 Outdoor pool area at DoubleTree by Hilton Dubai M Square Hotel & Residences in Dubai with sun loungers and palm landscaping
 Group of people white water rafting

...

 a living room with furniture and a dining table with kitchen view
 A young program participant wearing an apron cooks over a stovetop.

__Brief__.
Look above for the line with "Outdoor pool area" and the line with "Group of people white water rafting". Write out those two lines and all the lines between them, exactly, and no others.

__Result for this task__.
 Outdoor pool area at DoubleTree by Hilton Dubai M Square Hotel & Residences in Dubai with sun loungers and palm landscaping
 Group of people white water rafting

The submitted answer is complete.